The Kind of Books I Write

DSCN0361I just finished reading Ann Patchett’s collection of essays, This Is the Story of a Happy Marriage. She ranges far in subject matter—her dog, a research trip in an RV, the LA police department—but the second essay is the one that probably would be of the most interest to writers. In “The Getaway Car,” she talks about her start as a writer, the writers and teachers who gave her guidance, how she wrote her first novel. I found memorable insights and moments when I said Yes! Toward the end, she made an observation that urged me to consider what I do with my own work.

Dorothy Allison once told me that she was worried she had only one story to tell, and at that moment I realized that I had only one story as well … and that really the work of just about any writer you can think of can be boiled down to one story.

So, I thought, if Patchett is right, then what is my one story? I came up with the answer in a matter of seconds, it was so obvious. And yet I had never considered it before.

I write about families. Whatever else is going on in my novels, it keeps coming back to families. Let me show you.

My first book, Free Fall, a young adult novel published by HarperCollins (and soon to be an e-book): A teenage girl is sent to spend the summer with her grandmother as her parents consider whether to get a divorce.

My next novel (which to our everlasting regret, my agent was unable to sell), The Eye of a Blackbird: A woman does whatever she needs to in order to keep her son safe, after she inadvertently pisses off the Russian mob.

My first e-book, Lost Mothers: Two sisters, who lost their mother when they were children, spend the Fourth of July weekend with one of the sisters’ extended in-law family at a lake in New Hampshire.

My second e-book, Every New Beginning: A single mother realizes that just because she divorced her emotionally abusive husband doesn’t mean he’s going to stay out of her life.

And the book my agent is currently sending to editors, As the Crow Flies: A life-altering event from twelve years earlier still reverberates through the lives of a thirty-six-year-old woman and her niece, her niece’s husband, and her sister.

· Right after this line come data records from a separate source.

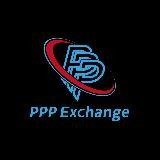 PPP Official Trading Signal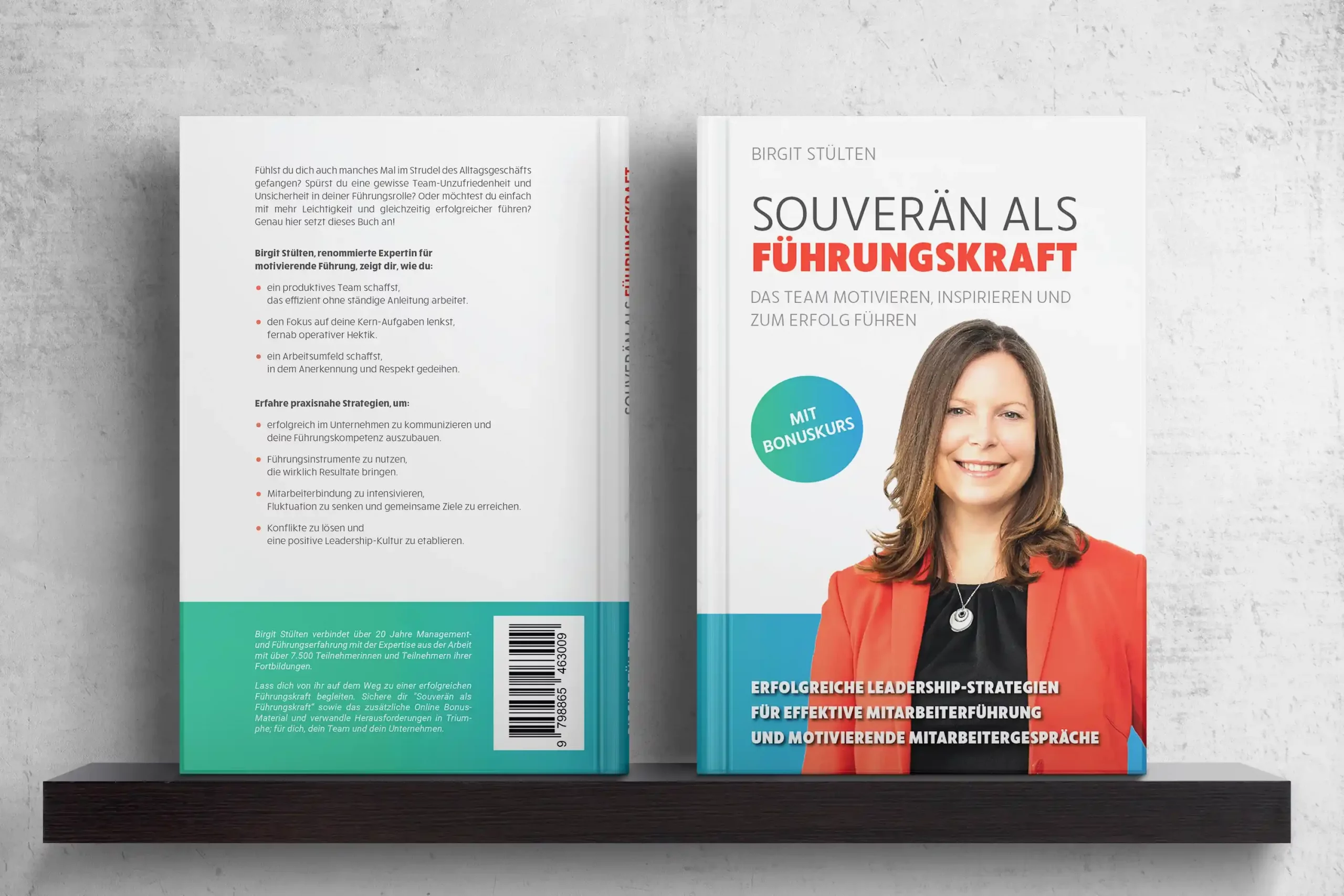 coverdesign-souveraen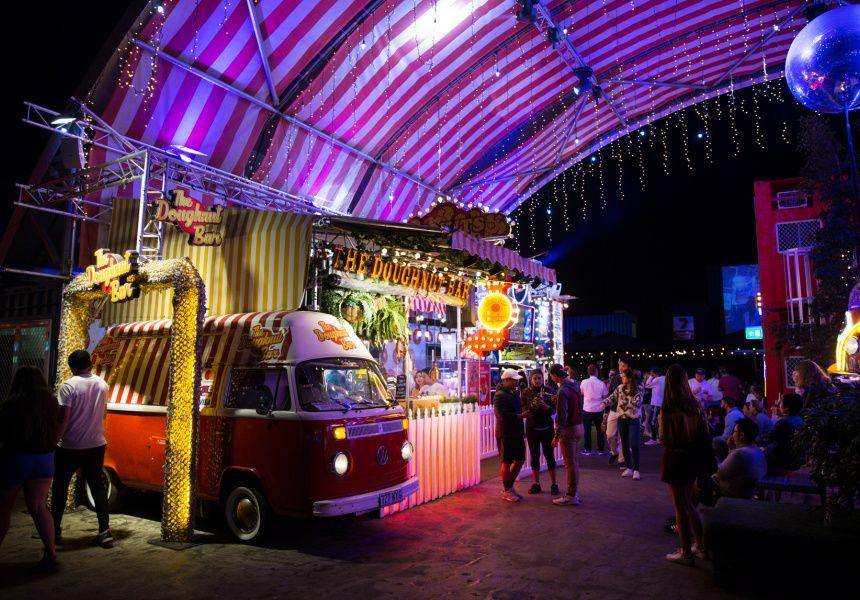 Brisbane (broadsheet.com.au)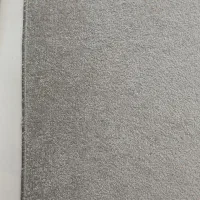 پالاز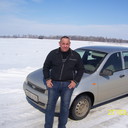  ,   , 55 ,   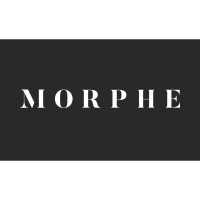 Morphe Brushes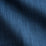 Perennials Rough 'n Rowdy Outta The Blue Fabric 955-06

Oh, and the book I’m working on now, with the working title of Driving Rules: A seventy-nine-year-old woman, who was a bestselling author in the ’60s and ’70s, is writing her memoir, and no one in her family is happy about this.

To say that I write about families seems trite and simplistic. After all, it’s hard not to write about families. Family has a basic, formative effect on a protagonist, even if family members never show up in the book. Even if the main character is an only child and an orphan, who has no other living relatives, that lack of family is bound to have done something to him or her.

This is what I’m interested in. The ties that bind—and sometimes choke. Endless story possibilities.